Exercise requirements: Reproduce the full listing as it stands. Images do not belong in the copy.

Information shown:
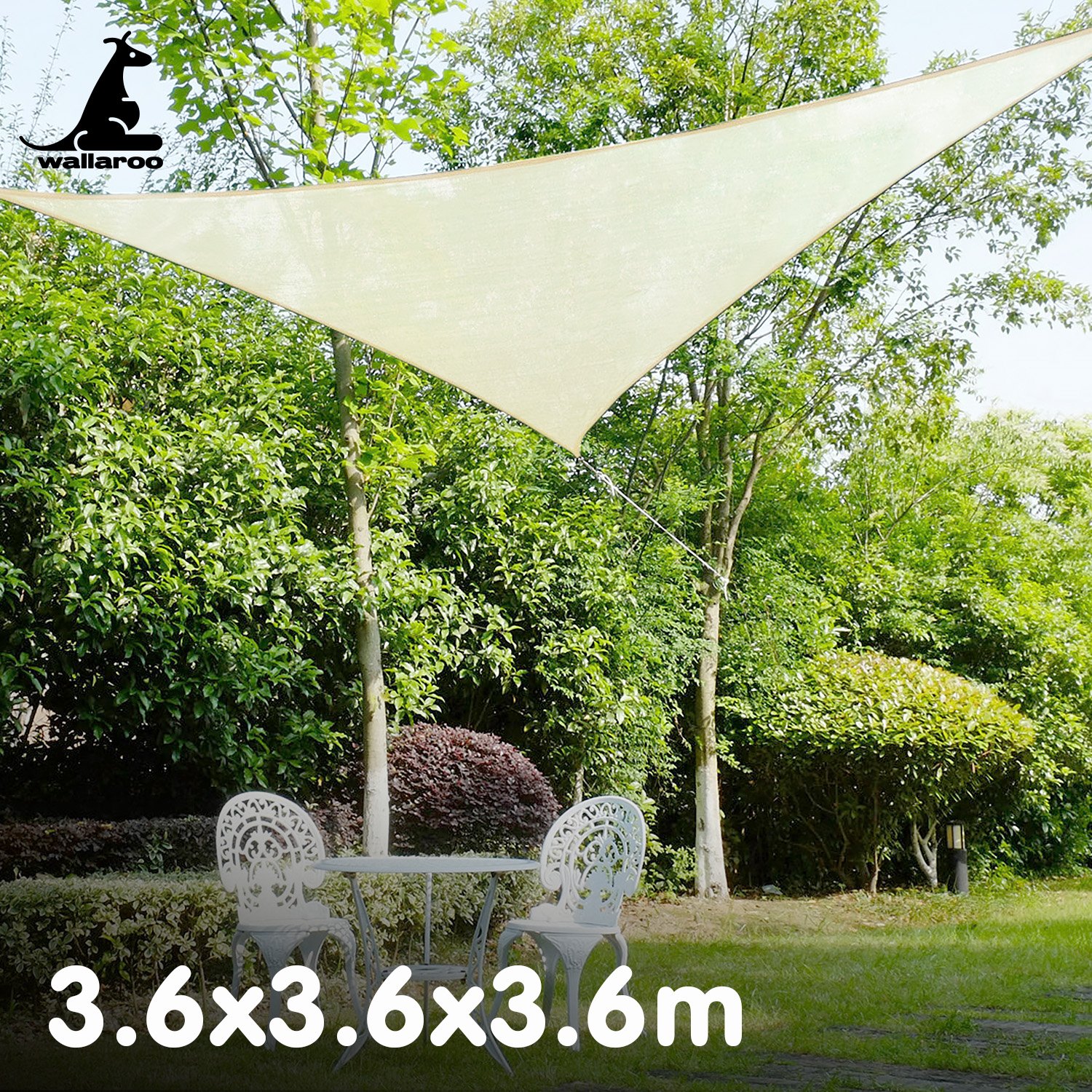 V240-WPSS-36-TRI-202505071221-04 Wallaroo Waterproof 160GSM Outdoor Sun Shade Sail Canopy 3.6m Triangle - Image 5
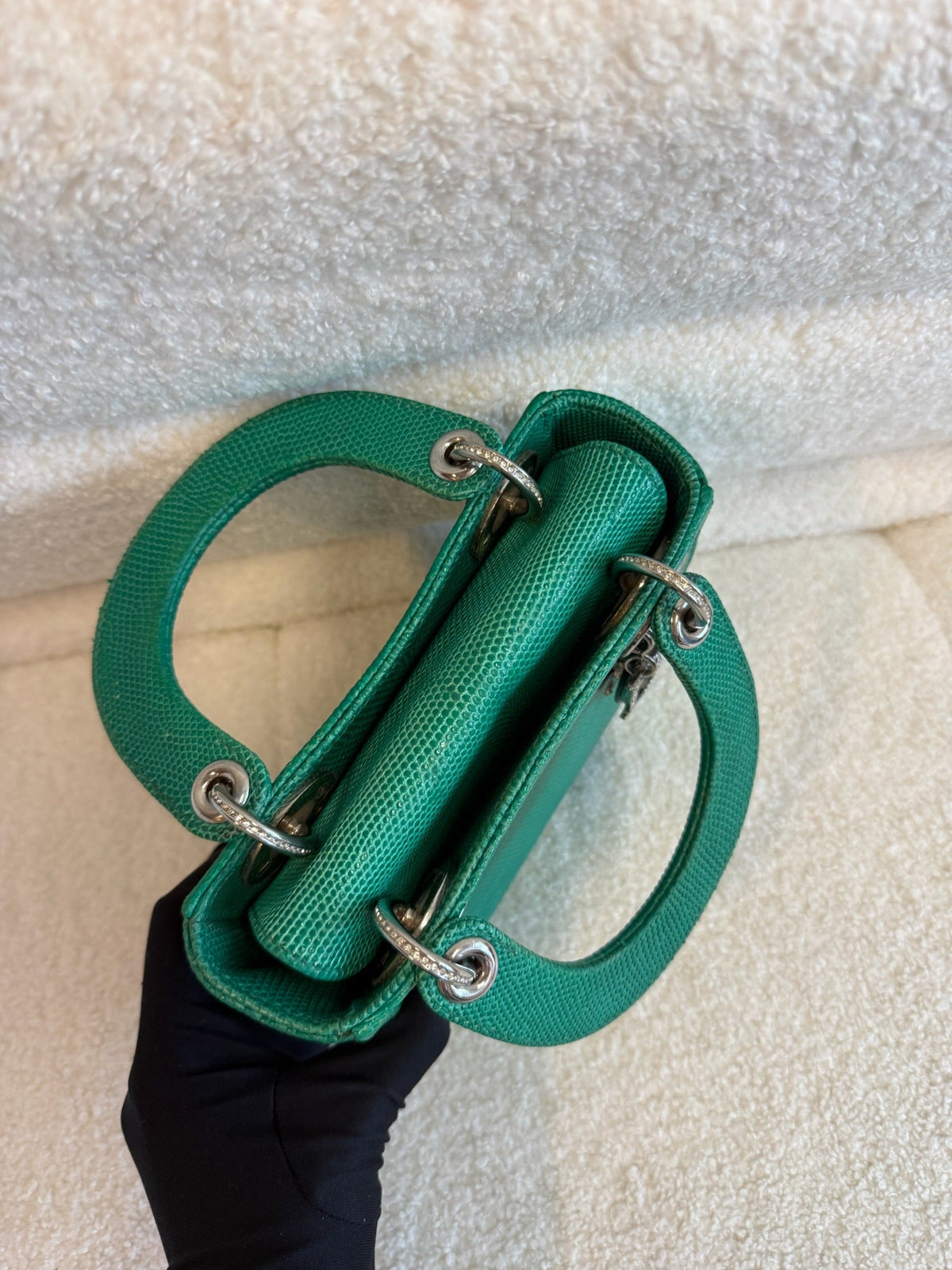 Dior Lady Dior Lizard - Green With Diamond image 8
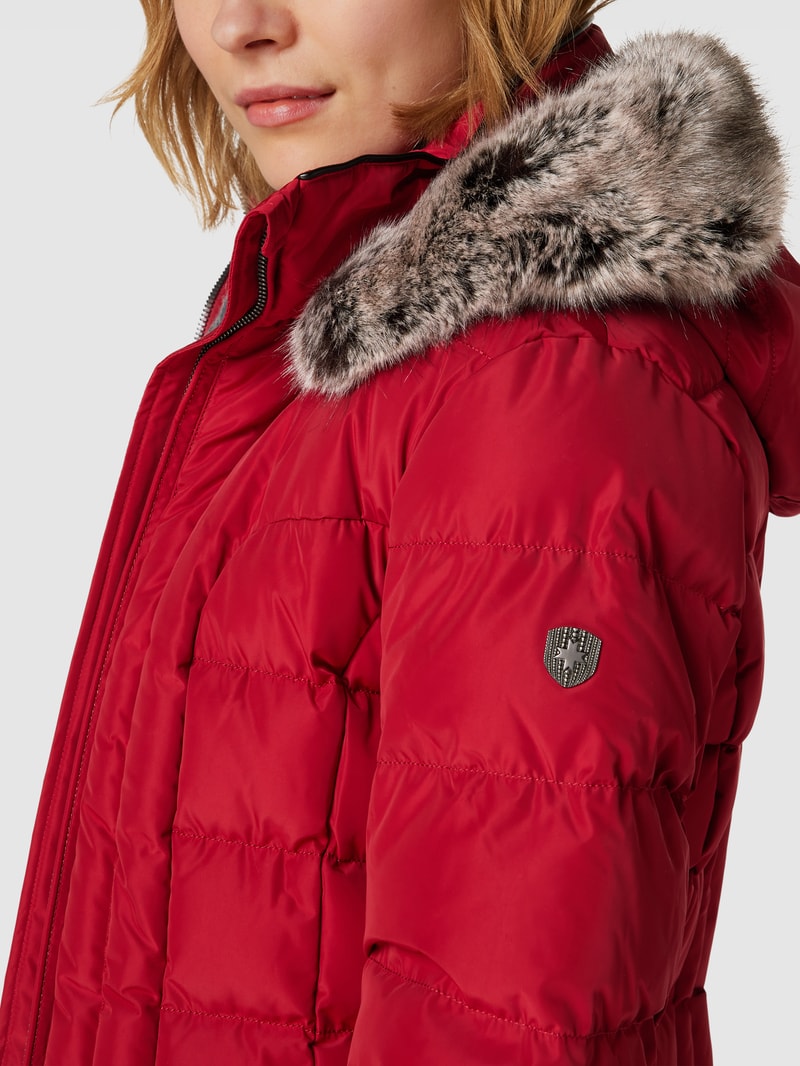 Steppjacke mit Kunstpelzkragen Modell 'ASTORIA' in rot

Written solution:
 V240-WPSS-36-TRI-202505071221-04 Wallaroo Waterproof 160GSM Outdoor Sun Shade Sail Canopy 3.6m Triangle - Image 5
 Dior Lady Dior Lizard - Green With Diamond image 8
 Steppjacke mit Kunstpelzkragen Modell 'ASTORIA' in rot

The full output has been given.